> [TASK DESCRIPTION] Reproduce exactly, and only, the lines of the material below running from the line bearing "Seaside Escape Golem (Tirana)" through the line bearing "Engraved Wooden Wedding". Leave any pictures out.

> [INPUT RECORDS]
= = = = =

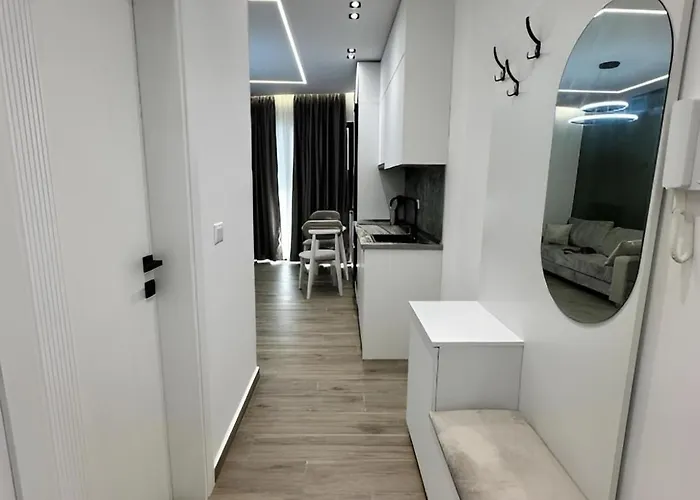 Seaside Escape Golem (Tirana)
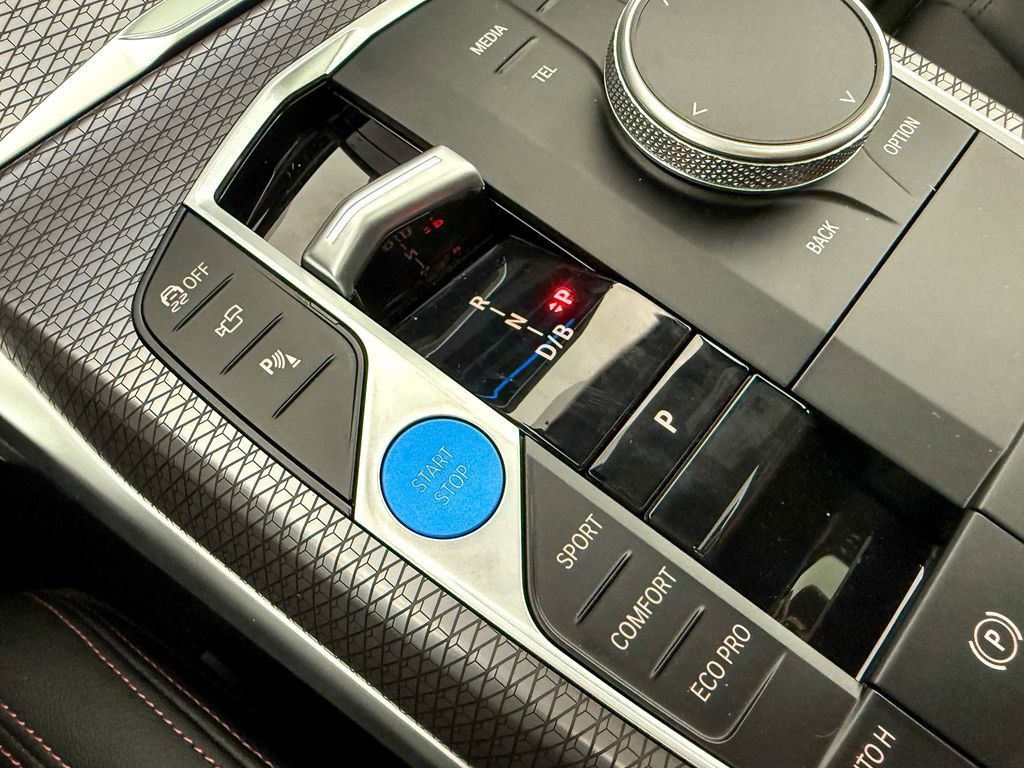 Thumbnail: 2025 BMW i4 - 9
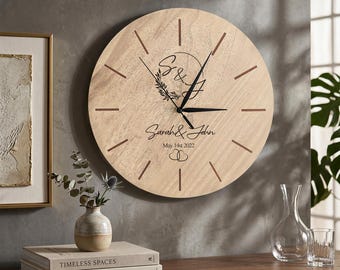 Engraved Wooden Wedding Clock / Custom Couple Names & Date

= = = = =

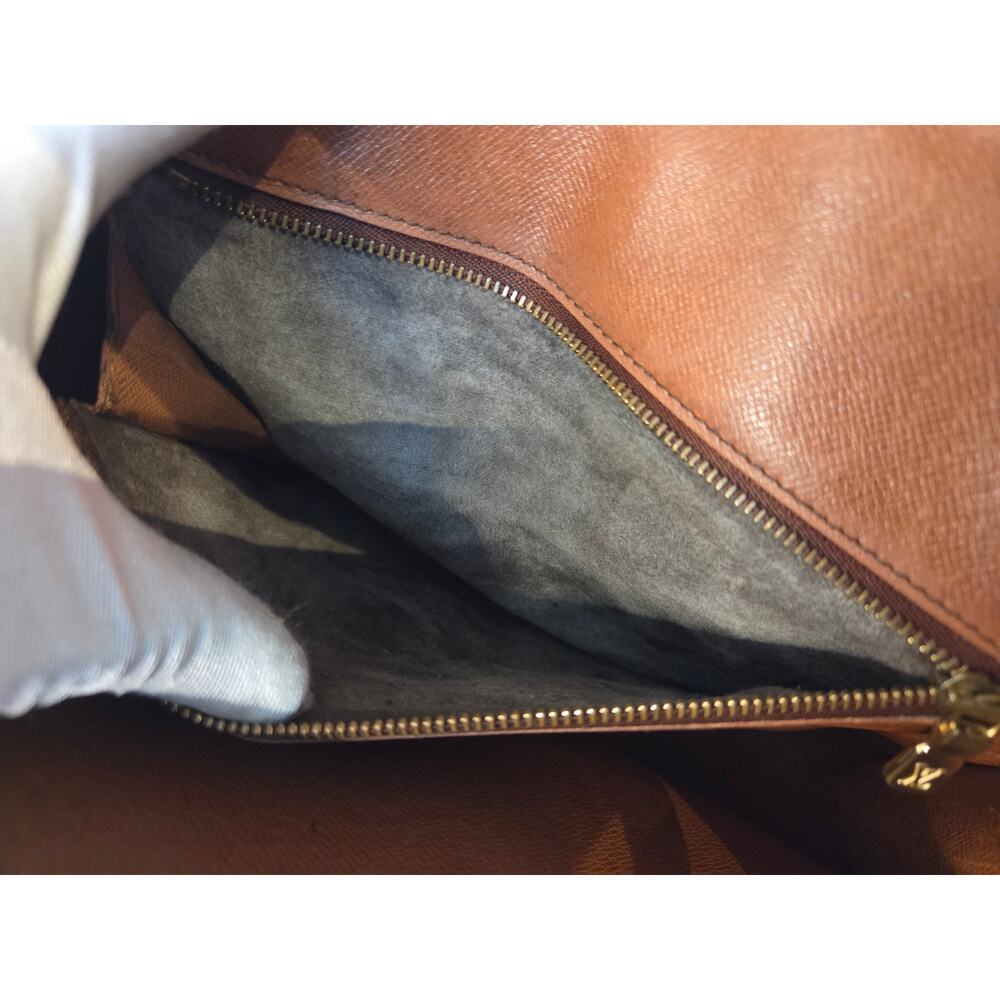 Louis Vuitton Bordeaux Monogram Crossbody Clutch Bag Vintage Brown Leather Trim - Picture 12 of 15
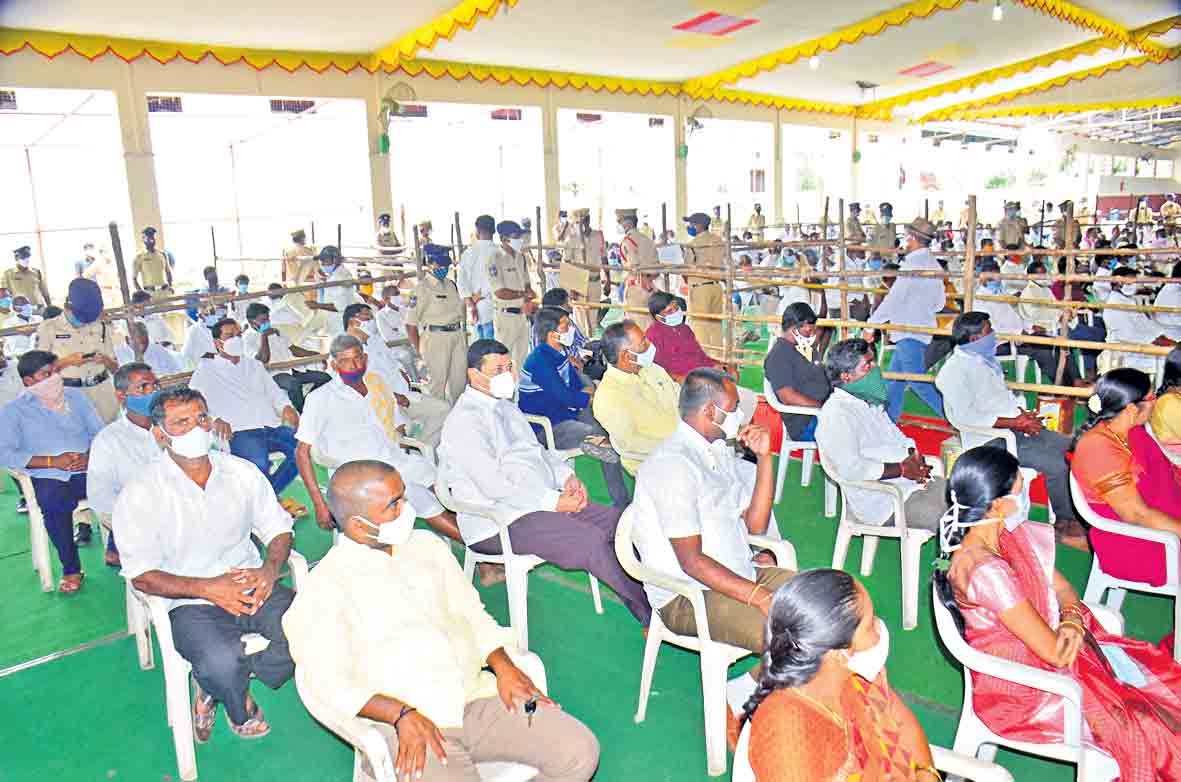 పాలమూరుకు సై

= = = = =

> [SOLUTION TO THE EXERCISE]
 Seaside Escape Golem (Tirana)
 Thumbnail: 2025 BMW i4 - 9
 Engraved Wooden Wedding Clock / Custom Couple Names & Date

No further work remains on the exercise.